By and | June 4, 2025

If Stargate’s first AI data center is completed next year as planned, the 900-acre site will need enough round-the-clock electricity to support 300,000 homes. But securing that power isn’t as simple as plugging into the grid.

Unlike arch rival Meta Platforms Inc., which Tuesday announced a 20-year deal to buy electricity from an Illinois nuclear plant, Stargate is relying on a technology that’s largely been relegated to the sidelines of power production: small, single cycle natural gas turbines.

That’s because the AI boom – which has supercharged electricity demand – is unfolding faster than power plants can be built and new grid connections established.

The venture by OpenAI, Oracle and Softbank is bridging that gap by stringing together a dozen of the small generators to power the Texas megafactory. Other city-sized data centers, including Elon Musk’s xAI and Alphastruxure, a joint venture between Carlyle and Schneider Electric, are doing the same.

The trend has sparked an unlikely comeback for a type of gas turbine that long ago fell out of favor for being inefficient and polluting. It also lays bare a critical disconnect between the growth of AI and the state of the US power sector. The next three years are key to the expansion of AI computing, and technology companies that had pledged to go green are racing to erect the city-sized data centers that will fuel it. At the same time, aging power infrastructure means there’s a years-long wait to connect and tap power from electric grids. And nuclear — now in huge demand from tech giants — is unlikely to provide much new power anytime soon.

“There is a high level of urgency in the industry to get power fast,” said Cully Cavness, co-founder and chief operating officer of Crusoe, which is building the first Stargate project. “We have tried to be creative about the energy component of data centers.”

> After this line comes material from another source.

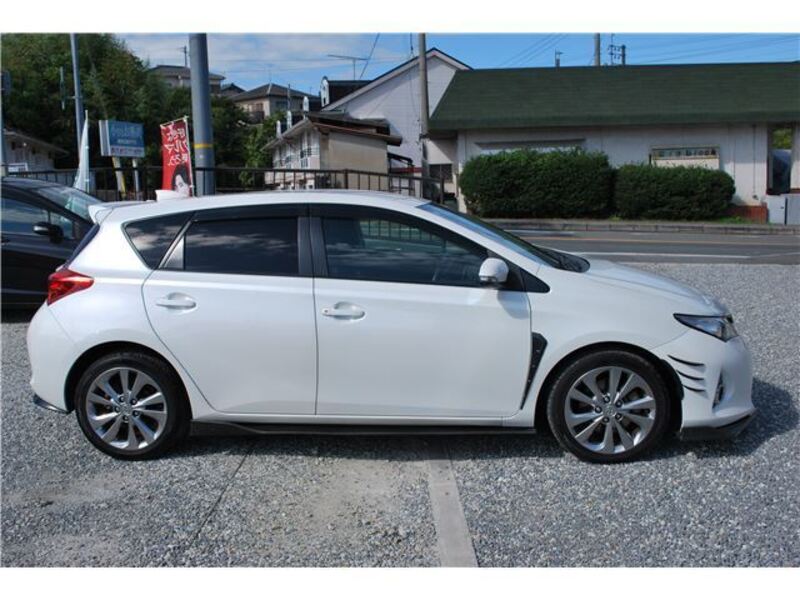 AURIS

Stargate and its rivals say they’re also exploring zero-carbon forms of energy, such as solar, batteries and even nuclear, to help meet the tremendous and constant electricity requirements of data centers. Constellation Energy Corp., the biggest US operator of reactors, agreed this week to sell nuclear power to Meta and last year said it would restart the shuttered Three Mile Island nuclear plant and sell the electricity to Microsoft Corp.

But many data centers, including Stargate, don’t have easy access to nuclear power, and concerns about the reliability of renewable power led many developers to favor gas-fired power, which can run 24-7.

Consequently, orders for bigger, more efficient gas plants – called combined-cycle turbines – have surged, creating a manufacturing backlog of three to five years, with an additional year to bring them online. So data center developers are scrambling to snag whatever turbines they can, which usually means single-cycle, in the range of 100 to 200 megawatts.

Mitsubishi Power Americas and Siemens Energy AG are seeing buyers clamor for smaller units, typically 70 megawatts or lower, for delivery as early as 2025-2026. And GE Vernova has seen increased demand for simple cycle units with the option to upgrade them to the more efficient combined cycle equipment.

Its the biggest frenzy for gas turbines in the US since Enron collapsed over two decades ago, said Rich Voorberg, president of Siemens Energy North America, which produces the machines. Even orders for small turbines are starting to back up, spurring developers to snap up ever-tinier machines, such as off-the-shelf jet engine turbines, with capacities of as little as 5 megawatts.

“A lot of these guys want to build in chunks because then you can have more flexibility,” said Shannon Miller, chief executive officer of Mainspring, which makes units so small that 100 of them are needed to produce 25 megawatts.

Projects such as Stargate that ultimately plan to connect to the local grid will at that point start using these smaller gas turbines as back-up power and to provide services to help keep that grid stable, said Cavness.

But the increasing reliance on gas-fired power creates fresh concerns about the climate impacts of AI’s gargantuan need for power. Big tech firms set ambitious climate pledges years ago after facing pressure from their employees, but Amazon, Microsoft and Google have all since acknowledged that the race to build new data centers and develop AI could complicate their long-term climate objectives.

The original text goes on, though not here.